What other signaling pathways or transcriptional regulators might interact with RUNX1T1 to control IGFBP2 expression and hematopoietic progenitor development?

RUNX1T1, as a transcriptional regulator, may interact with various signaling pathways and transcription factors to control IGFBP2 expression and hematopoietic progenitor development. One potential interaction could be with the Wnt signaling pathway, known to play a crucial role in hematopoietic development. Activation of Wnt signaling has been linked to the regulation of hematopoietic stem cell self-renewal and differentiation. Additionally, transcription factors such as GATA2, which was identified as a target gene in this study, may also interact with RUNX1T1 to regulate IGFBP2 expression. GATA2 is known to be involved in hematopoietic stem cell development and maintenance. Furthermore, SMAD7, another target gene identified, may interact with RUNX1T1 to modulate the TGF-beta signaling pathway, which has been implicated in hematopoietic development.

How do the in vitro-derived arterial endothelial cells differ functionally from their in vivo counterparts, beyond their hematopoietic potential?

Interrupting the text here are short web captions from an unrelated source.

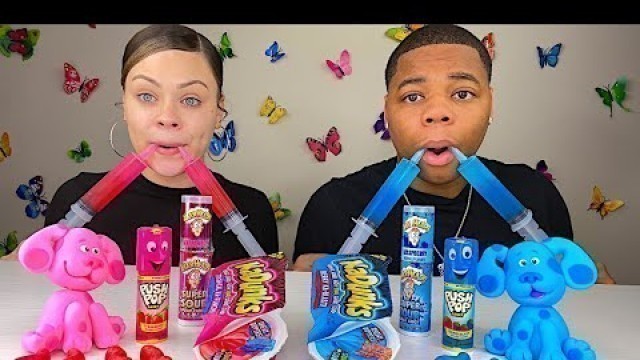 'ASMR PINK FOOD VS BLUE FOOD, JELLO SHOOTER, PUSH POP, SOUR CANDY SPRAY MUKBANG'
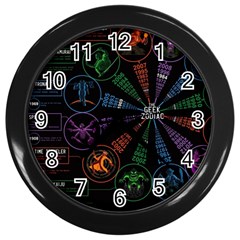 Zodiac Geek Wall Clock (black)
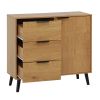 Storage Cabinet with 3 Drawers & Adjustable Shelf, Mid Century Cabinet with Door, Accent Cabinet for Living Room, Home Office, Entryway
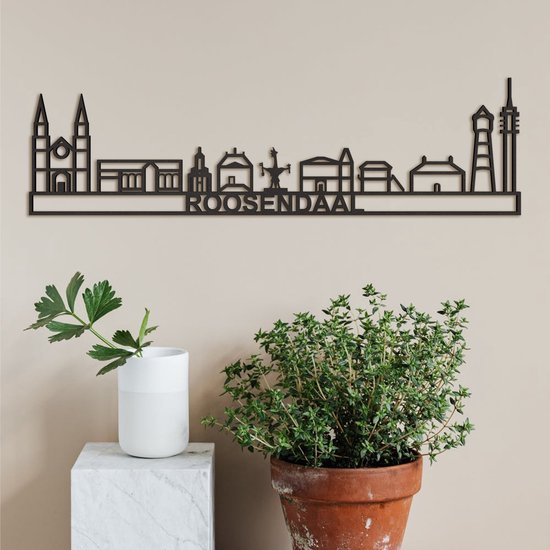 Skyline Roosendaal (mini) Zwart Mdf Wanddecoratie Voor Aan De Muur Met Tekst City Shapes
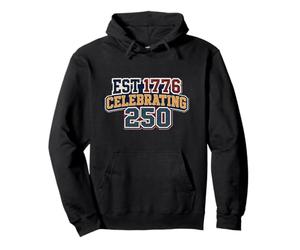 1776 2026 Celebrating 250 Vintage Patriotic Pullover Hoodie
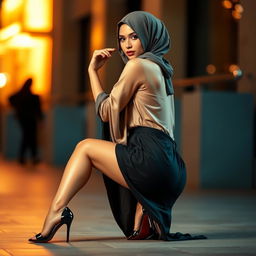 A stunning and alluring woman in a hijab, striking a seductive pose while kneeling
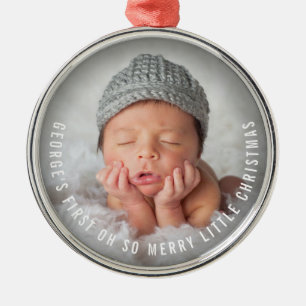Bebis Första Oh Så Glad Liten Jul Foto Julgransprydnad Metall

In addition to their hematopoietic potential, in vitro-derived arterial endothelial cells may differ functionally from their in vivo counterparts in several ways. One significant difference could be in their response to environmental cues and signaling molecules. In vivo, arterial endothelial cells interact with a complex microenvironment that includes neighboring cells, extracellular matrix components, and circulating factors, which may influence their behavior and function. In contrast, in vitro-derived arterial endothelial cells may lack some of these interactions, leading to differences in their functional properties. Another difference could be in their maturation and specialization. In vivo, arterial endothelial cells undergo a process of maturation and specialization to perform specific functions within the vascular system. This process may be more dynamic and regulated in vivo compared to in vitro conditions, leading to differences in the functional characteristics of the cells. Additionally, the in vitro-derived arterial endothelial cells may lack the full spectrum of cellular interactions and signaling cascades present in the in vivo environment, which could impact their functional properties, such as response to stimuli, gene expression profiles, and overall behavior.

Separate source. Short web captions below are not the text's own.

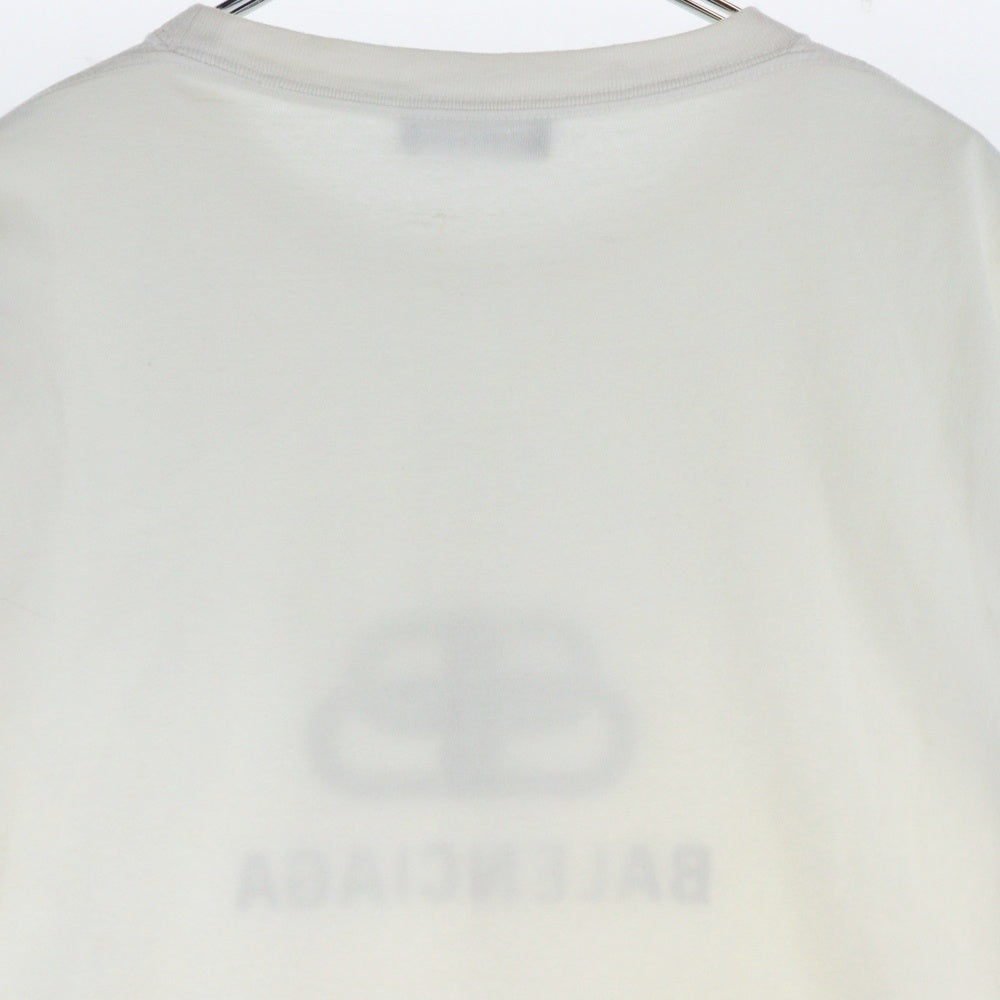 BALENCIAGA(バレンシアガ) BBロゴプリント 半袖Tシャツ カットソー 570803 ホワイト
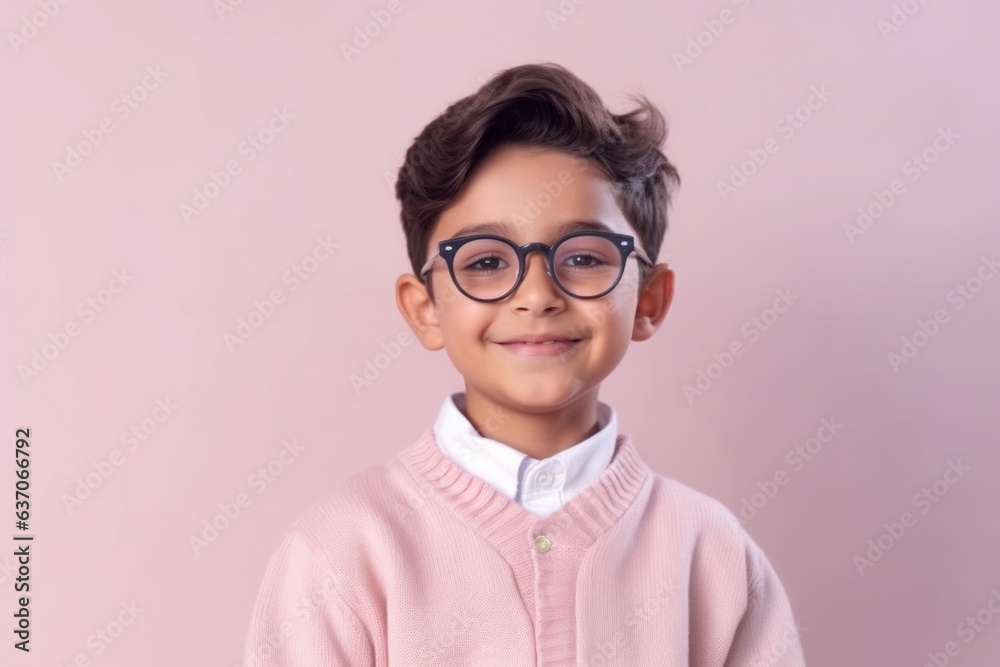 Portrait of a cute little boy with glasses on a pink background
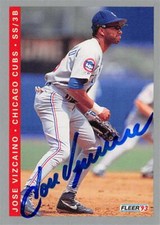 Jose Vizcaino autographed baseball card (Chicago Cubs, 67) 1993 Fleer 385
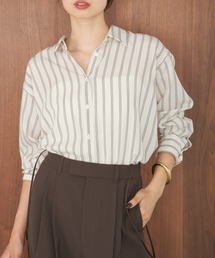 IENA | リヨセルストライプレギュラーシャツ(シャツ/ブラウス)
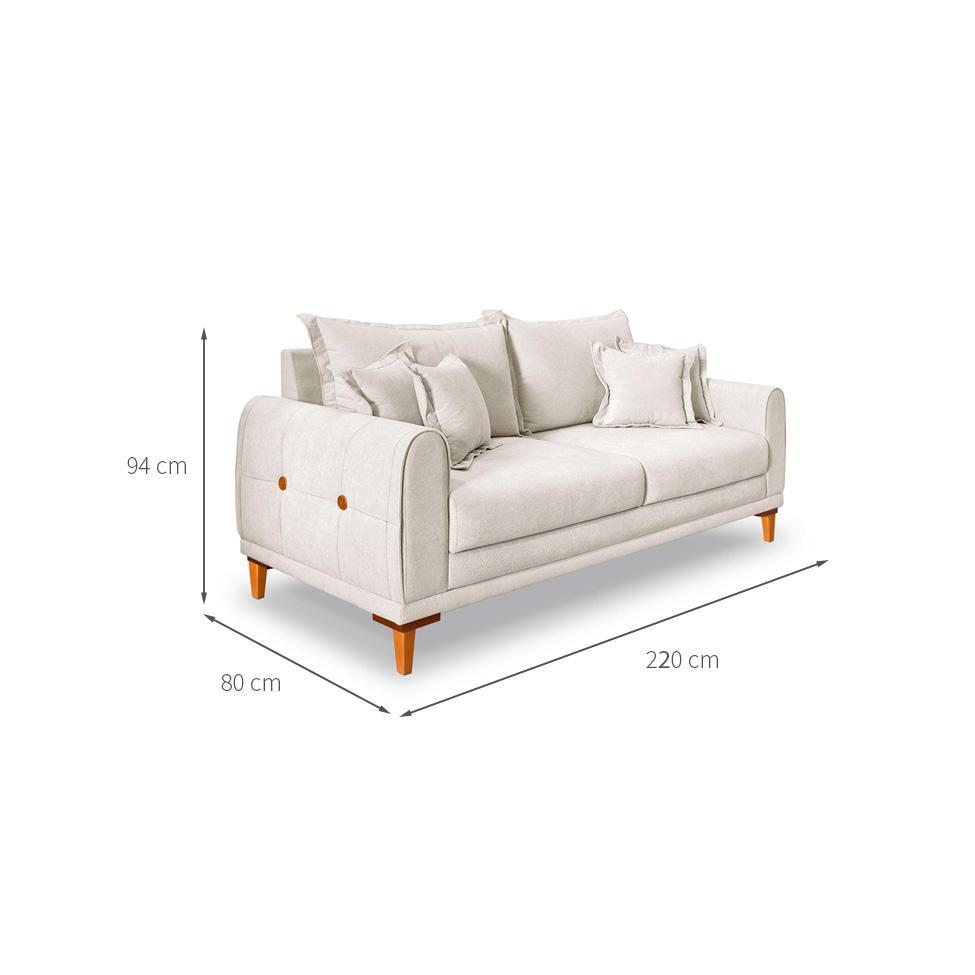 Sofá 3 Lugares Lisboa Bouclé Off White 220 cm - 3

Could the iCRISPRa approach be applied to other developmental processes to better recapitulate in vivo cellular differentiation and maturation in vitro?

Yes, the iCRISPRa approach could be applied to other developmental processes to better recapitulate in vivo cellular differentiation and maturation in vitro. By using this inducible CRISPR-mediated activation strategy, researchers can precisely control the expression of key transcription factors and signaling molecules involved in various developmental pathways. This approach allows for the manipulation of gene expression levels in a temporal and spatial manner, mimicking the dynamic changes that occur during development. For example, the iCRISPRa approach could be used to study the development of other cell lineages, such as neuronal cells, muscle cells, or epithelial cells, by activating specific transcription factors and signaling pathways known to be critical for their differentiation and maturation. By modulating the expression of key regulators, researchers can guide the cells towards a desired fate and study the molecular mechanisms underlying their development. Overall, the iCRISPRa approach provides a powerful tool for studying dynamic processes controlling developmental events and can be applied to a wide range of systems to recapitulate abnormal phenotypes characterized by ectopic activation of specific endogenous gene expression. This approach holds great potential for advancing our understanding of developmental biology and disease modeling in vitro.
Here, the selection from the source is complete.